USPS “on brink of insolvency”

USPS may run out of cash as early as October unless Congress drops a requirement to prefund health benefits for retirees, postmaster general John Potter told lawmakers, reports Business Week. The article continues:

Potter asked the House Oversight and Government Reform Committee to let the service cut Saturday delivery and stop paying health costs in advance. Dropping the funding requirement would allow the agency to be solvent when the next fiscal year begins 1 October, Potter said.

“Today we stand on the brink of financial insolvency,” Potter told committee members who expressed skepticism about endorsing his plan to reduce mail deliveries to five days from six. “If Congress is unable to act this fiscal year on broader legislation, our projections show that we will risk running out of cash the first month of fiscal year 2011.”

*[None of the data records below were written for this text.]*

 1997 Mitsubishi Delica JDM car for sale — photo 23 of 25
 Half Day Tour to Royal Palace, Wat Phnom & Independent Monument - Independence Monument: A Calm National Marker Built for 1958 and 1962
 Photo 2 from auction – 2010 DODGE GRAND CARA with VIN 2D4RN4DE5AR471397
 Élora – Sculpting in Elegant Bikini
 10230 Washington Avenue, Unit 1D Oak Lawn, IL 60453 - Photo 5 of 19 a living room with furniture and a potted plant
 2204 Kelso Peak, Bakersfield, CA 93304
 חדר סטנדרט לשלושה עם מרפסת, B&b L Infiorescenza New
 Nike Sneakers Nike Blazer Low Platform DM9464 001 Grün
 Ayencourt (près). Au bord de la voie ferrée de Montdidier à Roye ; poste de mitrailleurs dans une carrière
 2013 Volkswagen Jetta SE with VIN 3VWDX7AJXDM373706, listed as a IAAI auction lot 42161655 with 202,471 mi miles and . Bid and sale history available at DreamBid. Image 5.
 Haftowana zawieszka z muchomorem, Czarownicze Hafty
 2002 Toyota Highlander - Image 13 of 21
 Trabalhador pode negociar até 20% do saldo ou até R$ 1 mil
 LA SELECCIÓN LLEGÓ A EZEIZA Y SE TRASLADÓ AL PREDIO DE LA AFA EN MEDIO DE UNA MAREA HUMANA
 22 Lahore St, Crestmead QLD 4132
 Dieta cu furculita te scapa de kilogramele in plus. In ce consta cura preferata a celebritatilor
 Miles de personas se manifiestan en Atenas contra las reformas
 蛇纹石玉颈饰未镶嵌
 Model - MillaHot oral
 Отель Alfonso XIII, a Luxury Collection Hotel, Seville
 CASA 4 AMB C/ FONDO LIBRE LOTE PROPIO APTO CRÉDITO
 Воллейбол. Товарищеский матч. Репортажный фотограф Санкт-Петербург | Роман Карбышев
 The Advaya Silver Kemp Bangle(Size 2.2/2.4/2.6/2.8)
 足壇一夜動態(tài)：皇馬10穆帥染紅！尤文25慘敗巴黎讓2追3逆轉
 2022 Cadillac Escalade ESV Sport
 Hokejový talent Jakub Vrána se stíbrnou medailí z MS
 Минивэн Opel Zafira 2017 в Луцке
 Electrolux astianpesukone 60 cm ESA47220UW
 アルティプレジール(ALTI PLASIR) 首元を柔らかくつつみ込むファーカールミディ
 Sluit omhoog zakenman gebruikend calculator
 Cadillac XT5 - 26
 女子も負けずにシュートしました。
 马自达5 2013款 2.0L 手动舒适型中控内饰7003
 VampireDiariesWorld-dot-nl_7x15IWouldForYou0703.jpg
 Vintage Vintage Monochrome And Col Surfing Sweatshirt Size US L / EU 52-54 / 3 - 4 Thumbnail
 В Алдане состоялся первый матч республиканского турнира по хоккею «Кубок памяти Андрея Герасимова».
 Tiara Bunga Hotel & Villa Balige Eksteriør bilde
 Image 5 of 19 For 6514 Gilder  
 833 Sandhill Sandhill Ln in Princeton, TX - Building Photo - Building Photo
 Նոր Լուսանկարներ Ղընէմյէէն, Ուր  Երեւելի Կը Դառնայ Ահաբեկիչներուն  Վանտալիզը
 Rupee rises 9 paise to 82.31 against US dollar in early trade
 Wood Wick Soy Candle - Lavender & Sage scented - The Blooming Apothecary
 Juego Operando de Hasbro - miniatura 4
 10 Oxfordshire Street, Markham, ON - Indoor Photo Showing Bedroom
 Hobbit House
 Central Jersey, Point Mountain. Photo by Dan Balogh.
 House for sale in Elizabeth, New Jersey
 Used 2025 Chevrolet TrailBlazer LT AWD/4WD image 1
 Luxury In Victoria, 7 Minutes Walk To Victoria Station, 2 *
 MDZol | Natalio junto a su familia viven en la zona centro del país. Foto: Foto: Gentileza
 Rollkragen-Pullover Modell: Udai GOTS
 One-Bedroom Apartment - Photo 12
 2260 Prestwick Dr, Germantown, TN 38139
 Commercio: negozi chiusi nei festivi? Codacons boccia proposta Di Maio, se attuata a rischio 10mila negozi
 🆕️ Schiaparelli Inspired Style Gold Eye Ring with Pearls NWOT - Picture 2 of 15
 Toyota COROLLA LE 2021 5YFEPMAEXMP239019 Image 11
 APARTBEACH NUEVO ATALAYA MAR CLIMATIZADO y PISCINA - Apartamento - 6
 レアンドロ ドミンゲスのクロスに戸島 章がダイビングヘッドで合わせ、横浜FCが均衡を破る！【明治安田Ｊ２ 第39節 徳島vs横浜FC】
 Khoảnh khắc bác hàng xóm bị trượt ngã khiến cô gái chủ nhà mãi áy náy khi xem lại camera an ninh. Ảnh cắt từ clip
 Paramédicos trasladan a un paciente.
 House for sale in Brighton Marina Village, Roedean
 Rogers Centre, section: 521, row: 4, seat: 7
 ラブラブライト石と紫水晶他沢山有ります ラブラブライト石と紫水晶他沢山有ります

The Postal Service has said it may lose a cumulative $238bn by 2020 and last month proposed changes to trim the deficit. Some proposals, such as cutting a day of mail delivery, require congressional approval.

The Postal Service regulator, which enforces a so-called universal service requirement set by Congress, said the proposal to reduce service is “very troubling.”

“Its plan promises fewer employees to serve the public, fewer processing plans and post-operated retail facilities and reduced mail collection and fewer collection boxes,” Postal Regulatory Commission chairman Ruth Goldway said in testimony. “The plan’s proposals seem likely to spur further declines.”

The US Congress last year let the Postal Service postpone $4bnn in required payments to the retiree health benefit fund.